Mineral esensial adalah mineral yang dibutuhkan serta berguna bagi tubuh yang dapat diperoleh melalui makanan yang dikonsumsi setiap hari seperti nasi, ayam, ikan, telur, sayur-sayuran serta buah-buahan, atau vitamin tambahan. Menurut jumlah yang dibutuhkan tubuh, mineral esensial  dibedakan menjadi:

  1. Mineral Makro

Mineral makro atau mineral utama adalah mineral yang kita perlukan lebih dari 100 mg sehari

1)        Kalsium

Kalsium adalah mineral yang paling berlimpah dalam tubuh manusia. Rata-rata tubuh orang dewasa mengandung total sekitar 1 kg, 99% di skeleton dalam bentuk garam kalsium fosfat. Cairan ekstraseluler mengandung sekitar 22,5 mmol, dimana sekitar 9 mmol adalah dalam plasma. Sekitar 500 mmol kalsium dipertukarkan antara tulang dan cairan ekstraseluler selama dua puluh empat jam. Kebutuhan harian kalsium adalah 800 mg untuk dewasa di atas 25 tahun dan 1.000 mg setelah usia 50 tahun. Ibu hamil dan menyusui harus mengkonsumsi 1.200 mg kalsium per hari. Sedangkan kebutuhan kalsium pada anak-anak dan remaja meningkat sesuai usia:

  1. a)Bayi berumur s.d. 5 bulan : 400 mg
  2. b)Bayi 6 bulan s.d. 1 tahun : 600 mg
  3. c)Anak usia 1 s.d. 10 tahun : 800 mg
  4. d)Remaja usia 11 s.d. 24 tahun: 1.200 mg

Secara umum, fungsi kalsium didalam tubuh adalah sebagai berikut:

  1. a)Pembentukan dan pemeliharaan tulang dan gigi.

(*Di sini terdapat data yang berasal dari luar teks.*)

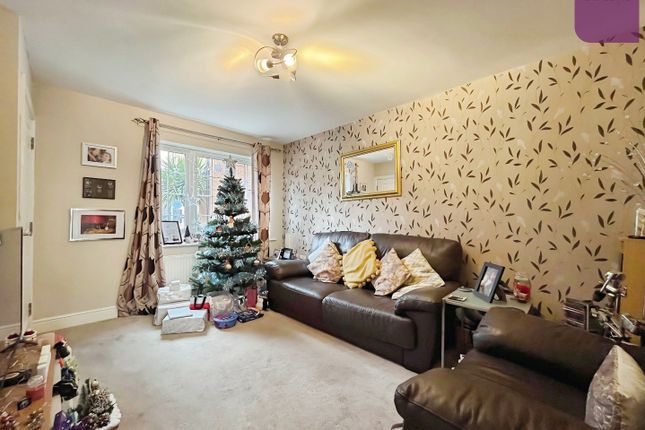 8, Priory Chase, Pontefract photo 2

Anak-anak memerlukan kalsium untuk pertumbuhan tulang dan gigi mereka. Kekurangan kalsium dapat mengakibatkan pertumbuhan tulang anak tidak sempurna dan menderita penyakit rickets. Orang dewasa membutuhkan kalsium untuk terus-menerus meremajakan sistem tulang dan giginya. Mineral di tulang dan gigi kita terganti-kan 100% setiap tujuh tahun sekali.

  1. b)Pemberi sinyal

Fungsi kalsium intraselular sebagai penyampai pesan kedua untuk sekresi beberapa hormon dan neurotransmiter. Juga bertindak sebagai regulator penyerapan intraseluler dan mediator kontraksi otot

  1. c)Fungsi enzimatik

Kalsium bertindak sebagai koenzim untuk faktor pembekuan

  1. d)Mencegah osteoporosis.

Bila tidak mendapat cukup kalsium dari makanan, tubuh akan mengambilnya dari “bank kalsium” pada tangan, kaki dan tulang panjang lainnya. Kekurangan konsumsi kalsium dalam waktu lama akan mengakibatkan tubuh mengambilnya langsung dari tulang-tulang padat. Hal ini mengakibatkan tulang keropos dan mudah patah (osteoporosis).